Problem statement: In the data below, find the line containing "Napoli sempre mia."; transcribe it and each line after it exactly, through the last, skipping pictures.

Data to use:
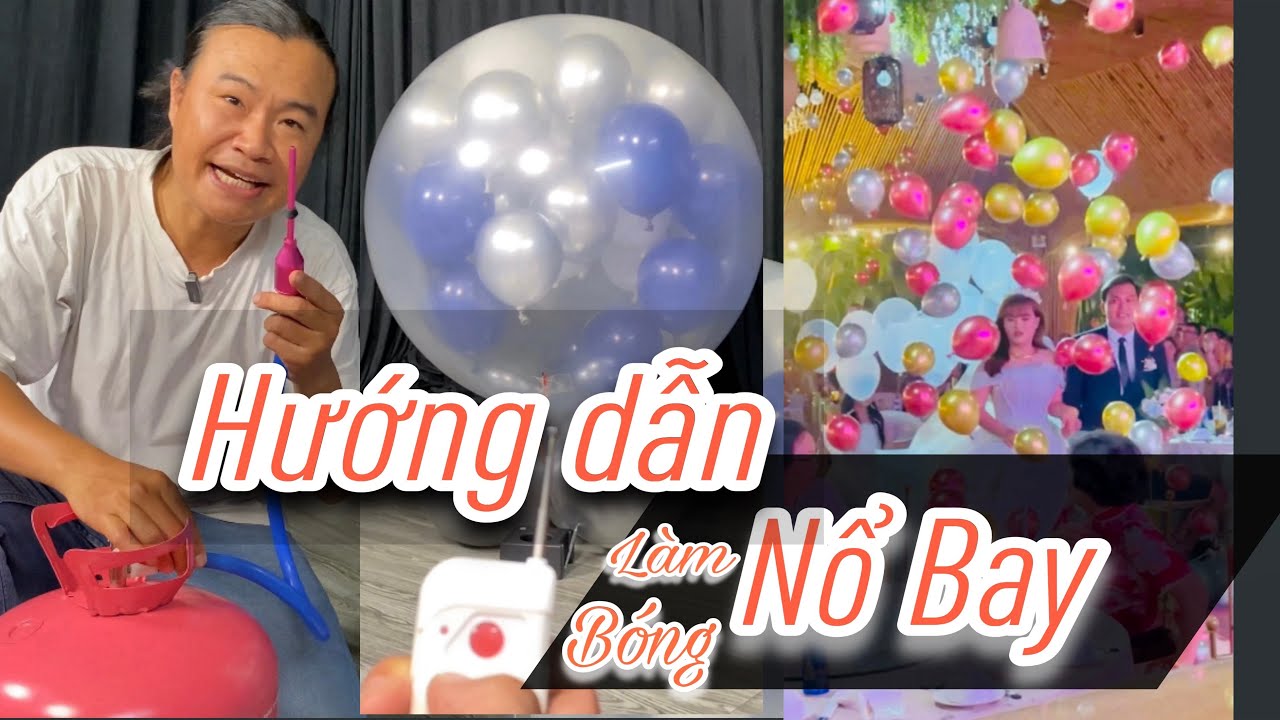 Hướng Dẫn Làm Bong Bóng Nổ Bay Lên trong Tiệc Cưới - Tất tần tật về bong bóng kích nổ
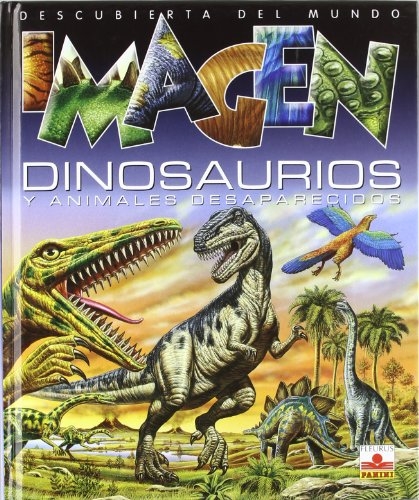 Dinosaurios y animales desaparecidos/ dinosaurs and extinct animals (imagen descubierta del mundo) (spanish edition)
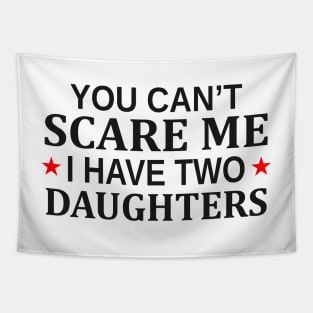 You Can t Scare Me I Have Two Daughters Tapestry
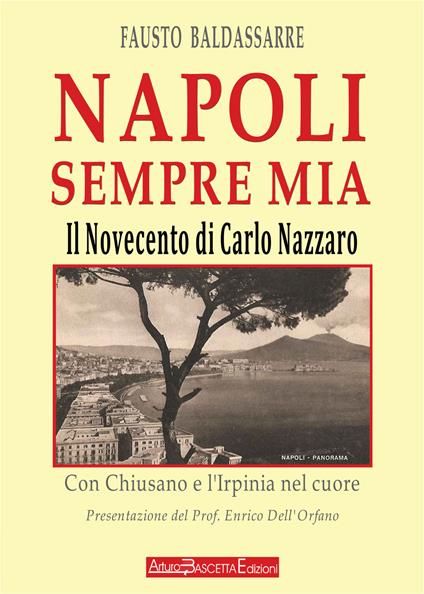 Napoli sempre mia. Il Novecento napoletano di Carlo Nazzaro - Fausto Baldassarre - copertina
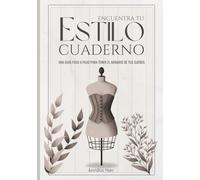 Encuentra tu Estilo Cuaderno. Una Guía Paso a Paso para tener el Armario de tus Sueños: Descubre tu estilo personal, crea un armario que funcione para ... y diseña fórmulas de outfits con confianza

Task response:
 Napoli sempre mia. Il Novecento napoletano di Carlo Nazzaro - Fausto Baldassarre - copertina
 Encuentra tu Estilo Cuaderno. Una Guía Paso a Paso para tener el Armario de tus Sueños: Descubre tu estilo personal, crea un armario que funcione para ... y diseña fórmulas de outfits con confianza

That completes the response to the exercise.